» **Task item**: Below this task are records; return each one exactly and omit its images.
[Exercise data Boundary: Start]
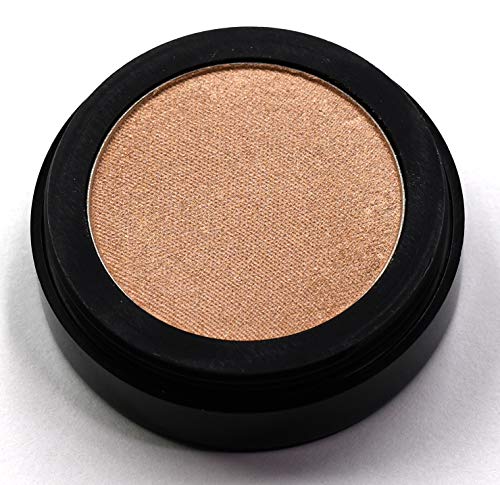 Pure Ziva Honey Glow Gold Naked Off White Nude Shimmering Shimmer Pressed Powder Single Vegan Eyeshadow; Talc, Paraben & Cruelty Free - Thumbnail 2
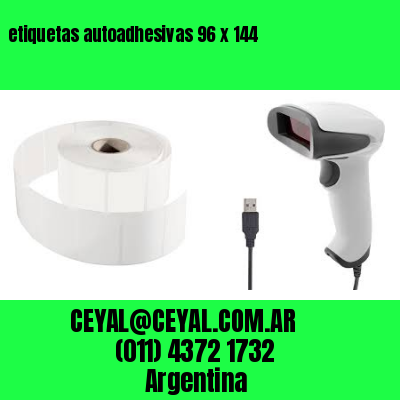 etiquetas autoadhesivas 96 x 144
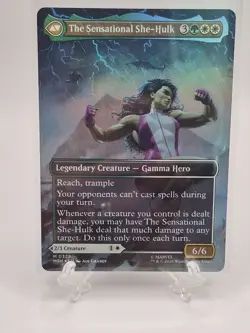 Jennifer Walters (Borderless) (0328) Marvel Super Heroes Foil - Image 2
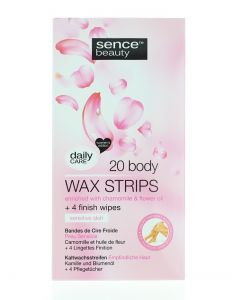 Sence Beauty Benzi depilatoare cu ceara 20 buc Body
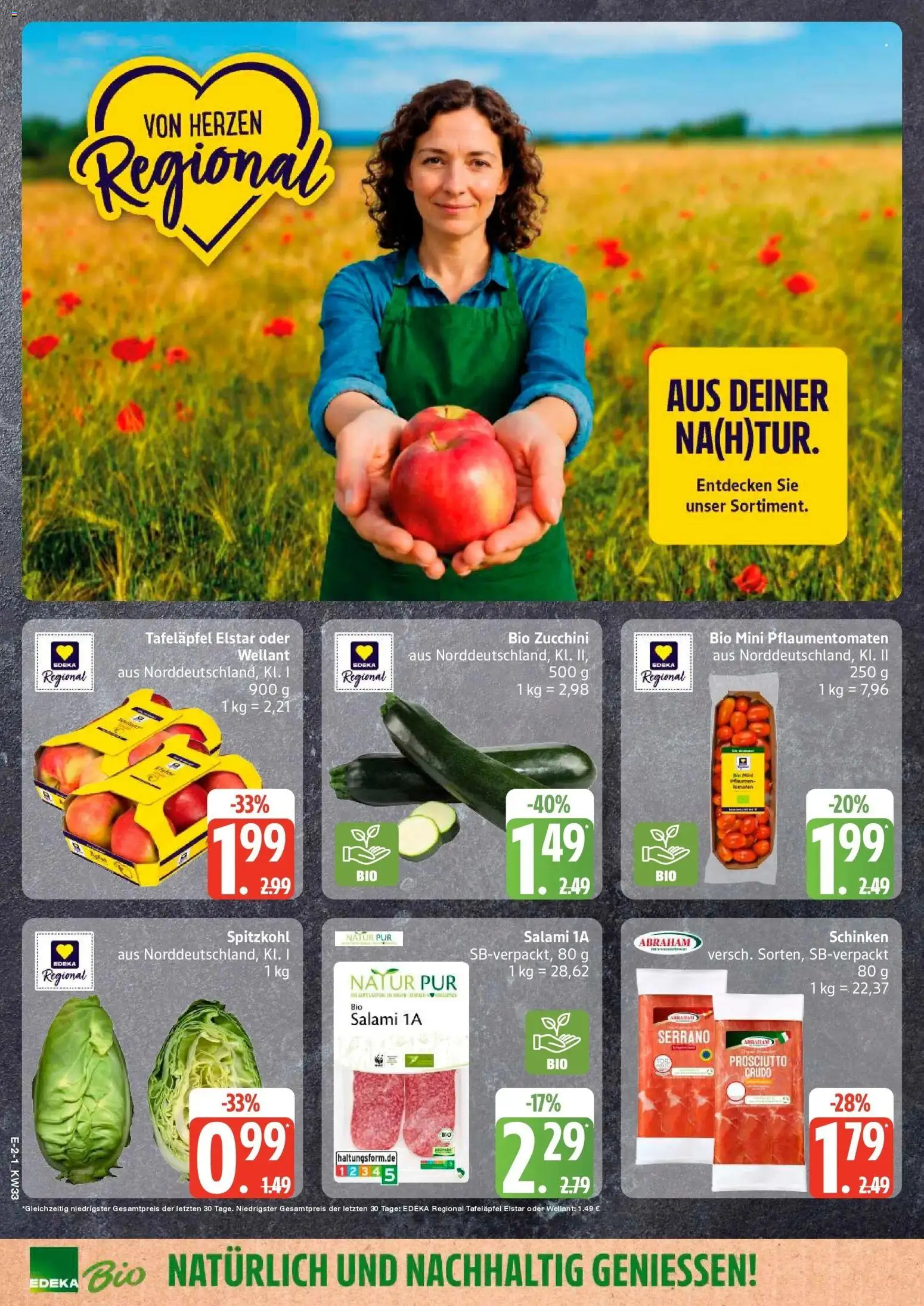 Edeka Prospekt Ratzeburg (ab 10.08.2026) » Angebote Online | Seite: 2 | Produkte: Tomaten, Salami, Schinken, Zucchini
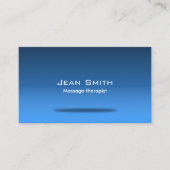 Massage Therapie Chiropractor Elegant Blau Visitenkarte (Vorderseite)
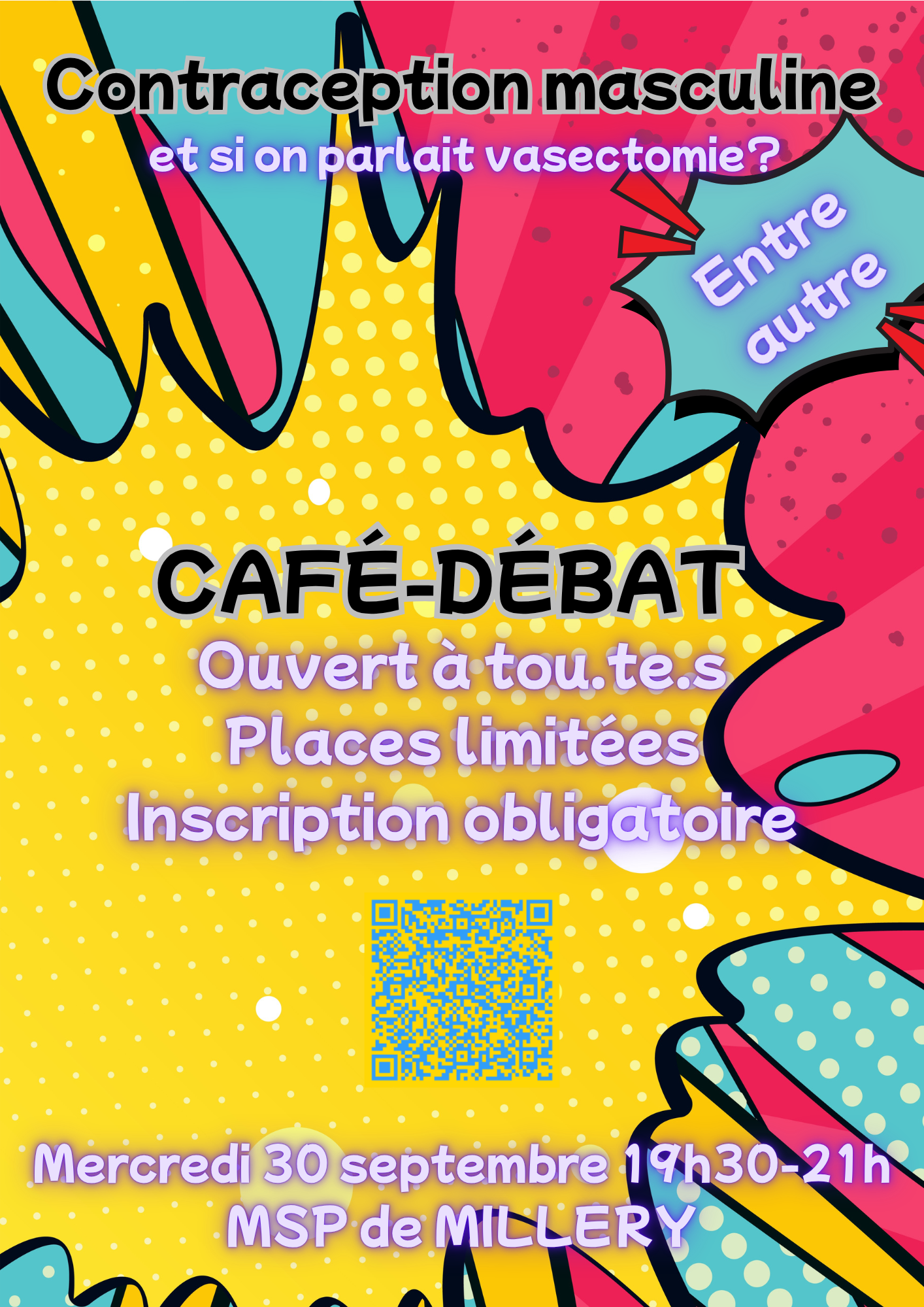 Café débat sur la contraception masculine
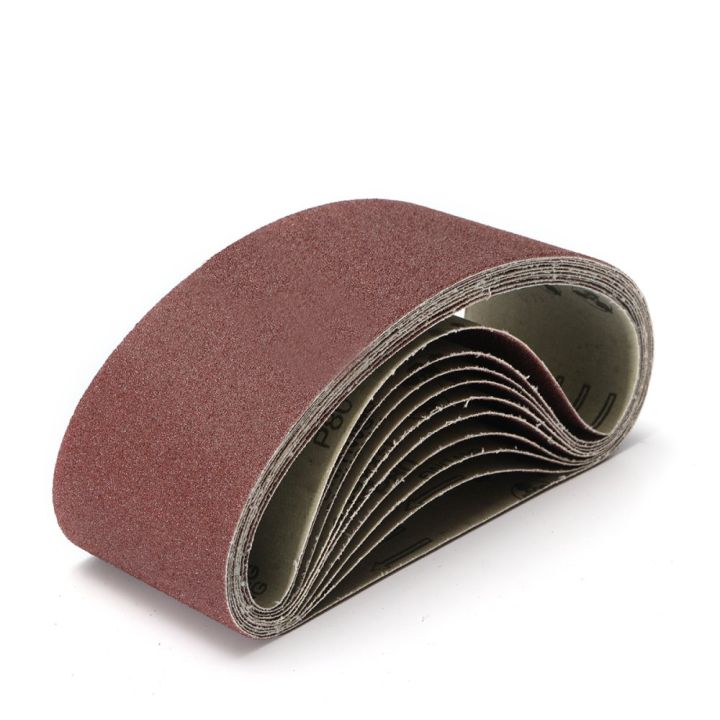10ชิ้นกระดาษทรายสายพานหนักสำหรับงานไม้โลหะทำงาน100x610มม-80คำสั่งซื้อ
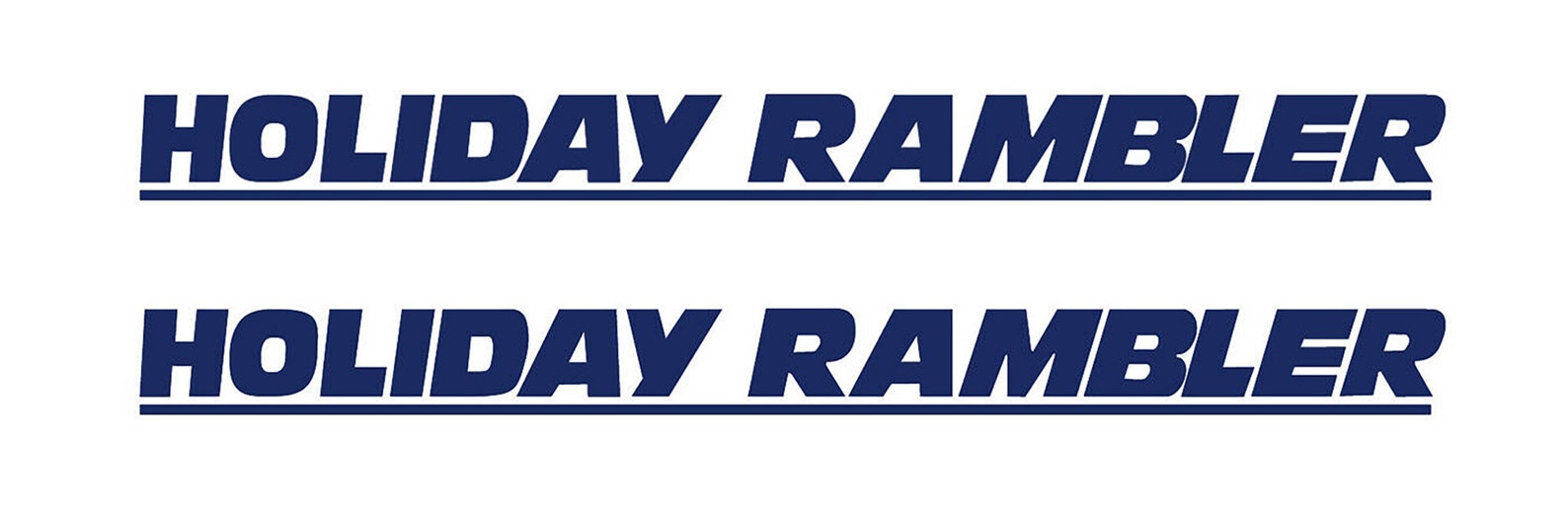 2 RV Trailer Camper Holiday Rambler Logo Graphics Decals 1954 Etsy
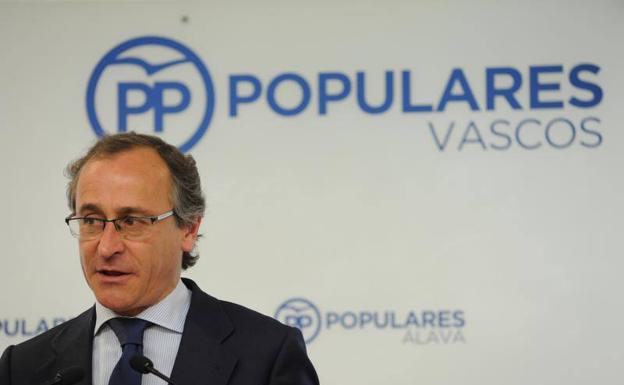 El PP vasco avisa al PNV de que si apoya la moción de censura a Rajoy perderá su apoyo en Euskadi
[Exercise data Boundary: End]
» **Output for this exercise**:
 Pure Ziva Honey Glow Gold Naked Off White Nude Shimmering Shimmer Pressed Powder Single Vegan Eyeshadow; Talc, Paraben & Cruelty Free - Thumbnail 2
 etiquetas autoadhesivas 96 x 144
 Jennifer Walters (Borderless) (0328) Marvel Super Heroes Foil - Image 2
 Sence Beauty Benzi depilatoare cu ceara 20 buc Body
 Edeka Prospekt Ratzeburg (ab 10.08.2026) » Angebote Online | Seite: 2 | Produkte: Tomaten, Salami, Schinken, Zucchini
 Massage Therapie Chiropractor Elegant Blau Visitenkarte (Vorderseite)
 Café débat sur la contraception masculine
10ชิ้นกระดาษทรายสายพานหนักสำหรับงานไม้โลหะทำงาน100x610มม-80คำสั่งซื้อ
 2 RV Trailer Camper Holiday Rambler Logo Graphics Decals 1954 Etsy
 El PP vasco avisa al PNV de que si apoya la moción de censura a Rajoy perderá su apoyo en Euskadi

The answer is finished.